What I see on T.V. is a lot scarier than that old French/English Medieval battle.:rolleyes:

As for the Middle Easterns, I see the same torture as YOU get to see... on T.V.

blonddgirl777
08-15-2006, 04:21 PM
Now if I want to talk about the Irish/Scottish never-ending battles, should I do it in the "Mushroom" thread?

Seshmeister
08-15-2006, 07:36 PM
Originally posted by blonddgirl777
Sorry... I don't get this :confused:

Umm Bush...?

Jeez...

rustoffa
08-15-2006, 08:58 PM
Originally posted by blonddgirl777
Now if I want to talk about the Irish battles, should I do it in the "Mushroom" thread?

Maybe those fuckers @ Maize drank some bad shroom juice before the DIRTY PROTEST!!!
:eek:

blonddgirl777
08-16-2006, 10:07 AM
I'm sick of politics... trying TRYING to stay away from it!
This should be the perfect thread?

Terry
08-20-2006, 08:37 PM
Originally posted by Seshmeister
Yeah absolutely.

The whole point to me is that you took the stuff even when it was illegal. Like most other people would have/do.

The default position on everything to me is it should be legal unless there is a fucking crazily good idea for it not to be.

I dabbled and after extensive hands on research chose booze as my drug of choice since it worked best for me.

Having a coke head drunk driver saying that smoking a joint is the most terrible thing in the world and should incur a jail sentence to me is unacceptable.


Seems fundamentally ridiculous to have alcohol, tobacco and any number of mood-altering pharmaceuticals legal and NOT have pot, coke and even smack legalized and taxed.

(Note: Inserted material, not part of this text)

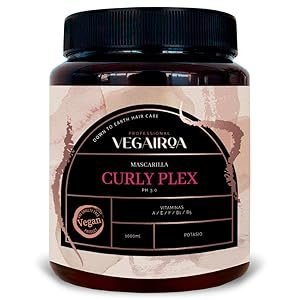 Mascarilla Curly Plex de VEGAIROA ideal para restaurar rizos dañados tras playa o piscina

No such thing as being a little bit pregnant.

I never really worried about the legality of what I was doing back in the hazy days, although obviously I wasn't out in front of the local cop shop waving around a half-ounce and a pack of Zig-Zags, either. I basically stopped because after a decade of doing various 'illicit narcotics', it wasn't much fun anymore. Seeing people od'ing, going to funerals and visiting several friends in jail (not to mention losing a lot of money and part of my sanity towards the end because I went way overboard - no moderation) all led towards my stopping, but I stopped because I wanted to.

And I never became one of those insufferable former drug-users who dedicated the rest of their lives to trying to prohibit others from using them. I had some good times while using drugs, and some bad ones, but the same applies for "straight" times in my life, too...

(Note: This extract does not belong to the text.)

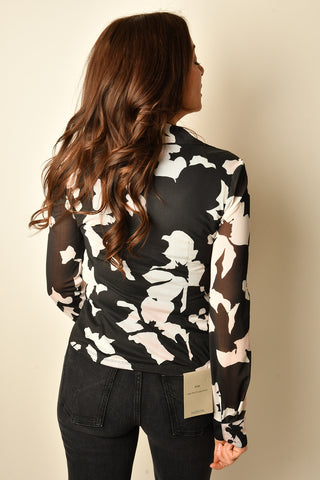 FITTED MESH BUTTON DOWN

But "fuckin' SHROOMS!" took me on a pretty vivid, and kinda terrifying, trip. I wasn't in control of my mind in way that even the heaviest coke binges hadn't brought on, and the one thing I never liked about hard-core psychedelics is that once I started tripping, there was no way to stop it: just had to ride it out. Had some interesting times on 'em, though...

No regrets about any of it, but I have no desire to do any of that stuff again.